# Task inputs
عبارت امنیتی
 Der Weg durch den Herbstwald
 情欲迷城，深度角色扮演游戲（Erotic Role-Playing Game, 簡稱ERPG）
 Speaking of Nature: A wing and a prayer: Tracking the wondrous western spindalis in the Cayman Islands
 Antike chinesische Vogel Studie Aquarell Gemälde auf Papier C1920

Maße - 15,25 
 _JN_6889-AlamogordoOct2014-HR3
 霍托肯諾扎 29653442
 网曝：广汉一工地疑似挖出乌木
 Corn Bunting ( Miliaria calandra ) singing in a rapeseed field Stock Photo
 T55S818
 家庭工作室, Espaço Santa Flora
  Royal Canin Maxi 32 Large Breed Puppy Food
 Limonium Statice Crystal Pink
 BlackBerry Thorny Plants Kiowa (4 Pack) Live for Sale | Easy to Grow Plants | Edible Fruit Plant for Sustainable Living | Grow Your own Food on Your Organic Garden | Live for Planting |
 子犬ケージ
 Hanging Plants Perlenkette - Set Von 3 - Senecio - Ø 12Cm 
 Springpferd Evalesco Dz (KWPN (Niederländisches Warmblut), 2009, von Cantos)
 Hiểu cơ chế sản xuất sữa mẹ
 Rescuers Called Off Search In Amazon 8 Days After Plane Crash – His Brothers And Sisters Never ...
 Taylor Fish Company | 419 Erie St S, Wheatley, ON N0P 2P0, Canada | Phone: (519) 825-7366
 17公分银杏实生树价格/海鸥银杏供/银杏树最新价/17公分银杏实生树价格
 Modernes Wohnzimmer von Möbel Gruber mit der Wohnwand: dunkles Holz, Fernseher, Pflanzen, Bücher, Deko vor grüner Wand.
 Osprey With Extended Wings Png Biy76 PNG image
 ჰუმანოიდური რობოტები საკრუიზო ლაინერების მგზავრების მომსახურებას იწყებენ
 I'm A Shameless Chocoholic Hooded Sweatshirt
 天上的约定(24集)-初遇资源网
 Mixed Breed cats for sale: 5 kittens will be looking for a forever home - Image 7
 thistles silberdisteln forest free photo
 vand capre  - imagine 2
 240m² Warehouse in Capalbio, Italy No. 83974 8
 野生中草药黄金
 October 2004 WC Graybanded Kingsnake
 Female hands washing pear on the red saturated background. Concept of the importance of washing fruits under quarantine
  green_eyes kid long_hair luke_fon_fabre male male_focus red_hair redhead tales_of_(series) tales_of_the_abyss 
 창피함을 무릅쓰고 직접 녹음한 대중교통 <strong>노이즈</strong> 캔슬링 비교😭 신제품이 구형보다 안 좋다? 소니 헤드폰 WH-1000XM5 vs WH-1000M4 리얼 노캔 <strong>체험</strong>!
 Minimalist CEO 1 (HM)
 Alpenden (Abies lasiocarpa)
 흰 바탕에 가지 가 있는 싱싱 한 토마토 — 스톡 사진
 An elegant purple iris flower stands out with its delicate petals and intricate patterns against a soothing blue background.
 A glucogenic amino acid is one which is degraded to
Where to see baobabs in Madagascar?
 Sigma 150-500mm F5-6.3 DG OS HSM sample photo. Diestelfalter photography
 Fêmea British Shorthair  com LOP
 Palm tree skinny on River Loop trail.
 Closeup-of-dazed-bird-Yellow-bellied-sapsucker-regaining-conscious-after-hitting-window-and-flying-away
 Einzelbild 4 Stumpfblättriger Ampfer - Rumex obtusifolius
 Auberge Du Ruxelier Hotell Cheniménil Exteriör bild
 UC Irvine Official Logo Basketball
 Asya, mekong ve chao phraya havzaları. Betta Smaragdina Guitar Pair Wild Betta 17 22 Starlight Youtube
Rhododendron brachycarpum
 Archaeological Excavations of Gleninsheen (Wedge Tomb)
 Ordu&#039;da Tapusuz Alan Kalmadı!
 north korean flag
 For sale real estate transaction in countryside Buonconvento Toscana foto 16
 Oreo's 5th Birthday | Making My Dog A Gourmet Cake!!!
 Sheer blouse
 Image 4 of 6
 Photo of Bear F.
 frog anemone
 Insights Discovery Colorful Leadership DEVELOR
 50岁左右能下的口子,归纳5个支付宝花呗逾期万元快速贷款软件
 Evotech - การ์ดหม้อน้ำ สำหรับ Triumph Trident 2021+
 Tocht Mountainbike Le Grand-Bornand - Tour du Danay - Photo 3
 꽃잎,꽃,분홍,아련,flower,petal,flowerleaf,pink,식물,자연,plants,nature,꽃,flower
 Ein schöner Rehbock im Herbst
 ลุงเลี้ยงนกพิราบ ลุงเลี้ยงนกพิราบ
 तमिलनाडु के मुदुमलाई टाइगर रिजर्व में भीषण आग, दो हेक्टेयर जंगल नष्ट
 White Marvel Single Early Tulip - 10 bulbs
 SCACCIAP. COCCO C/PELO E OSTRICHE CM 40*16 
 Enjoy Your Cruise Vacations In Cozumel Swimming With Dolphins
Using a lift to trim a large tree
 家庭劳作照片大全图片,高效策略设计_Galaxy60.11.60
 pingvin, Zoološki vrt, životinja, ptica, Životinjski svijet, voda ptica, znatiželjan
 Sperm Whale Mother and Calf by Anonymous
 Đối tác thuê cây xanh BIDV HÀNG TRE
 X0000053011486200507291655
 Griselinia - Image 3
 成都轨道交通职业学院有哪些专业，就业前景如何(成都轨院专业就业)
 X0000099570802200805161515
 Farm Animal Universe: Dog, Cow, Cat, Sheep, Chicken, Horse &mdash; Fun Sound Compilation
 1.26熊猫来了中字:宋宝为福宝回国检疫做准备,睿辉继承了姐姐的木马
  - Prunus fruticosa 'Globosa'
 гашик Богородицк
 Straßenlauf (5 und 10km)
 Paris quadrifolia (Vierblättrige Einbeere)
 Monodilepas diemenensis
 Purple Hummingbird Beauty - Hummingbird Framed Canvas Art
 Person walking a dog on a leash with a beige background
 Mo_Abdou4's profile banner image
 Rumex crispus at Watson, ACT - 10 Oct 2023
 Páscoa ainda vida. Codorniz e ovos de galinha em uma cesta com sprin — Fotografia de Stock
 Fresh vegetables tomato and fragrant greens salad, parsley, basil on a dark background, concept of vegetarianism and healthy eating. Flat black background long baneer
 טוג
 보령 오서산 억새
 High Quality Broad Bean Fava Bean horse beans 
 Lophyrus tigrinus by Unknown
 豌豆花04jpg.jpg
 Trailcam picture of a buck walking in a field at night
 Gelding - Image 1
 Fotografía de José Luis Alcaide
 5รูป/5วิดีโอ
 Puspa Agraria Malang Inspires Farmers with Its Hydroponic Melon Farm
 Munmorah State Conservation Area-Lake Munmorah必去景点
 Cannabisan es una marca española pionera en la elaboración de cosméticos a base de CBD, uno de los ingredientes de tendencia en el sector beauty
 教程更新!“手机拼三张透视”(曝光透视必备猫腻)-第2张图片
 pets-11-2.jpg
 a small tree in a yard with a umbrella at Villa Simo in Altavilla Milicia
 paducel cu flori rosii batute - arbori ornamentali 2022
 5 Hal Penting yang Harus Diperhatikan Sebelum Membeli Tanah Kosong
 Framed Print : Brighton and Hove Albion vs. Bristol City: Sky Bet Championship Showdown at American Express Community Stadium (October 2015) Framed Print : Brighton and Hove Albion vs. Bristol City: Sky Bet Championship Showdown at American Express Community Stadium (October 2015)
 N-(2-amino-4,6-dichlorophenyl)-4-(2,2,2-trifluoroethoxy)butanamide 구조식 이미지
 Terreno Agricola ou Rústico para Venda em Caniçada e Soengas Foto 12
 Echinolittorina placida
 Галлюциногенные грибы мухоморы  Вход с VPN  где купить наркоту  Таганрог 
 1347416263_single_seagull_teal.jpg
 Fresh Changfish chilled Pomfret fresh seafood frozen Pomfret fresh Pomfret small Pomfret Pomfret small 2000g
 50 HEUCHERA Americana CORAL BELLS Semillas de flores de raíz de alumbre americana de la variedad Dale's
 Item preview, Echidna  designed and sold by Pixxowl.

# Task details
Everything above from the line containing "thistles silberdisteln forest free photo" through the line containing "Ein schöner Rehbock im Herbst" must be copied exactly. Nothing outside that range belongs in the answer.

# Task answer
 thistles silberdisteln forest free photo
 vand capre  - imagine 2
 240m² Warehouse in Capalbio, Italy No. 83974 8
 野生中草药黄金
 October 2004 WC Graybanded Kingsnake
 Female hands washing pear on the red saturated background. Concept of the importance of washing fruits under quarantine
  green_eyes kid long_hair luke_fon_fabre male male_focus red_hair redhead tales_of_(series) tales_of_the_abyss 
 창피함을 무릅쓰고 직접 녹음한 대중교통 <strong>노이즈</strong> 캔슬링 비교😭 신제품이 구형보다 안 좋다? 소니 헤드폰 WH-1000XM5 vs WH-1000M4 리얼 노캔 <strong>체험</strong>!
 Minimalist CEO 1 (HM)
 Alpenden (Abies lasiocarpa)
 흰 바탕에 가지 가 있는 싱싱 한 토마토 — 스톡 사진
 An elegant purple iris flower stands out with its delicate petals and intricate patterns against a soothing blue background.
 A glucogenic amino acid is one which is degraded to
Where to see baobabs in Madagascar?
 Sigma 150-500mm F5-6.3 DG OS HSM sample photo. Diestelfalter photography
 Fêmea British Shorthair  com LOP
 Palm tree skinny on River Loop trail.
 Closeup-of-dazed-bird-Yellow-bellied-sapsucker-regaining-conscious-after-hitting-window-and-flying-away
 Einzelbild 4 Stumpfblättriger Ampfer - Rumex obtusifolius
 Auberge Du Ruxelier Hotell Cheniménil Exteriör bild
 UC Irvine Official Logo Basketball
 Asya, mekong ve chao phraya havzaları. Betta Smaragdina Guitar Pair Wild Betta 17 22 Starlight Youtube
Rhododendron brachycarpum
 Archaeological Excavations of Gleninsheen (Wedge Tomb)
 Ordu&#039;da Tapusuz Alan Kalmadı!
 north korean flag
 For sale real estate transaction in countryside Buonconvento Toscana foto 16
 Oreo's 5th Birthday | Making My Dog A Gourmet Cake!!!
 Sheer blouse
 Image 4 of 6
 Photo of Bear F.
 frog anemone
 Insights Discovery Colorful Leadership DEVELOR
 50岁左右能下的口子,归纳5个支付宝花呗逾期万元快速贷款软件
 Evotech - การ์ดหม้อน้ำ สำหรับ Triumph Trident 2021+
 Tocht Mountainbike Le Grand-Bornand - Tour du Danay - Photo 3
 꽃잎,꽃,분홍,아련,flower,petal,flowerleaf,pink,식물,자연,plants,nature,꽃,flower
 Ein schöner Rehbock im Herbst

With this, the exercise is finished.